コウノトリ誤射と駆除への問題意識
- 2017年05月31日
- 保全
先日、島根県でコウノトリがサギと間違えられ撃たれるという事件がありました。事件の内容は以下引用のとおりです。これはこれで大問題なのですが、私はむしろこの事件への人々の意外な反応に驚かされました。サギが駆除されていることについて関心をもたれる方が予想外に多かったのです。
島根県島根県雲南市教育委員会は19日、同市大東町の電柱で営巣し、4月にヒナの誕生が確認されていた国の特別天然記念物コウノトリのペアのうち、雌が死んだと発表した。猟友会の会員が、駆除の期間中だったサギと誤認し、射殺したという。(2017年5月19日付け朝日新聞より一部抜粋)
この事件が大きく報道されたのは、コウノトリが特別天然記念物で国内に僅かしか生息していないという希少性に対する関心と、それを誤射したという特異な状況が相まってのことだったと思います。

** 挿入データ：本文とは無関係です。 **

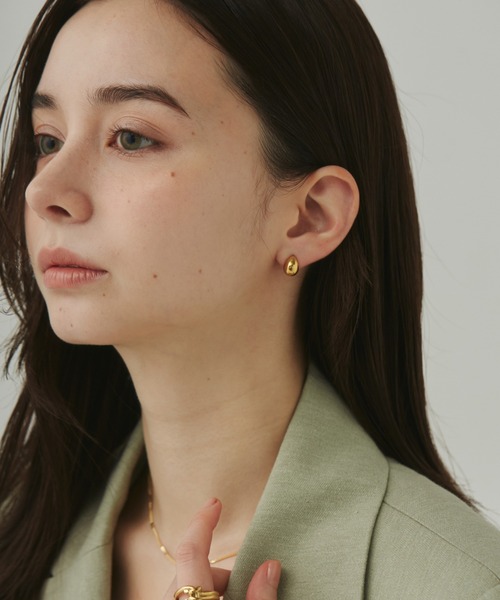 ciite' ピアス 「 金属アレルギー対応 」 ミニドロップピアス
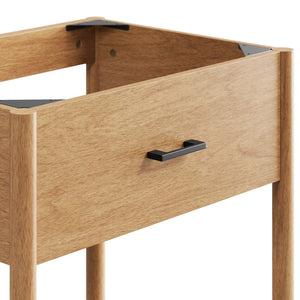 Modway Furniture Zaire 24" Bathroom Vanity Cabinet - Mid-Century Modern Design with Practical Storage Solutions Natural EEI-6352-NAT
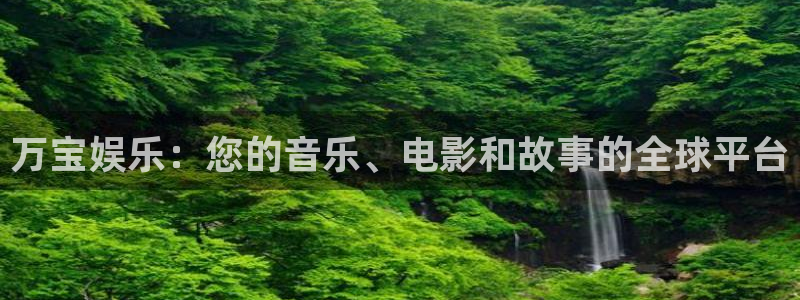 开心彩welcome：万宝娱乐：您的音乐、电影和故事的全球平台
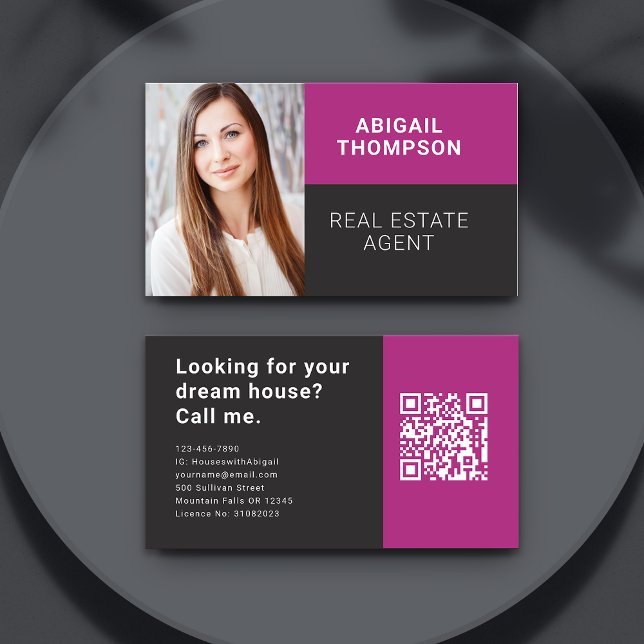 Carte De Visite Code QR de l'agent immobilier (Your business card is like a mini billboard for your brand.)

いかにもメディア受けしそうな話題ですね。私はテレビのことはよく知りませんが、少なくとも新聞は各社こぞって報道し、全国的なニュースになりました。各新聞社の報道内容は上に載せた朝日の記事とどれもそんなに変わりません。ただ、サギの名前は出さず、単に「害鳥と誤認」したと書いている新聞もありました。このような文脈で改めてこの語を見るとつくづく酷い言葉だなと思います。しかもサギという語もなくただ害鳥…。まるでサギの存在自体、無視されているかのようです。ついでに言えば、コウノトリのことを天然記念物と呼ぶのもどうにかならないものかと思いました。鳥を「物」としか見ない見方、こんなのはもう何十年も前に廃れてて良いはずです。たかが言葉の問題だとは思いません。人の認識は言葉をもとにして作られるものなのですから。
話が大きく逸れてしまいました。今回の事件で私が注目したいのは、コウノトリの誤射という本筋でなく、サギの駆除という隠れた問題に目を向ける人が多かったことについてです。実際、ツイッターでは何故サギが駆除されているのか、何故サギが駆除されなければならないのかという疑問をツイートする人が大勢いましたし、当サイトやアオサギ駆除についての報告書へのアクセスもこの一件で劇的に増えました。このように、今回の件がサギ類の駆除に疑問をもつきっかけをつくったのは間違いないようです。
ちなみに、今回の報道はどの新聞でもサギと書かれているだけで、何サギなのか種名を特定している新聞は私の知る限りありませんでした。なので、私は当然のごとくアオサギのことだと思っていたのです。私に限らずニュースを見聞きした多くの人はそう思ったのではないでしょうか。けれども、ネット上の情報を拾い集めると、間違えられたのはアオサギではなくどうもシラサギのようですね。まあ、アオサギにしてもシラサギにしてもコウノトリとの違いは一目瞭然なのですが。
今更あらためて書くまでもなく、サギの駆除は全国的に相当な規模で行われています。たとえばアオサギでは全国の生息数の10分の1かそこらが毎年駆除されています。他のサギ類もアオサギ同様、駆除はやはり野放し状況。それなのに大抵の人たちはサギ類が駆除されていることなどまず知りません。シカやクマなど、被害が広範囲で被害を被る人も多くニュースなどでもよく取り上げられる鳥獣についてはよく知られていますが、サギ類の被害は局所的で被害を被る人も限られるので問題がなかなか社会に知れ渡らないのです。それを良いことにいい加減な駆除がまかり通っているのが現状です。
そして、こんなことではダメだ、なんとか社会に問題を認知してもらわなければ、と思って作ったのが上述の報告書というわけです。しかし、作ってはみたものの、予想どおり行政にはのれんに腕押しでしたし、世間の反応もほぼ皆無といった状態でした。鳥獣の駆除のことをわざわざ気に留めるような奇特な人はそうそういないのだろうと、正直なところかなり落胆していたのです。そういう経緯がありましたから、今回の一件でサギ類の駆除についての関心が高まったことは私にとって意外であり嬉しい驚きでした。
今回の件はサギ類の駆除を扱ったニュースではありません。にもかかわらず、サギ類の駆除について問題意識をもつ人が多かったという点に私は何かとても力強いものを感じています。今回だけを見れば、この問題意識を共有できたのは日本人全体のごく少数の人たちに過ぎないかもしれません。けれども、潜在的に共有できるかもしれない人たちは十分に多いと思うのです。
ともかくきっかけは何でも良いのです。駆除を担当している行政に直接物申したところで効き目はほとんどありません。行政のやっていることを変えるもっとも効果的な方法は世間の問題意識を高めることです。今回の出来事がそのきっかけのひとつになる可能性は十分あります。そうなれば、犠牲になったコウノトリも少しは浮かばれると思うのです。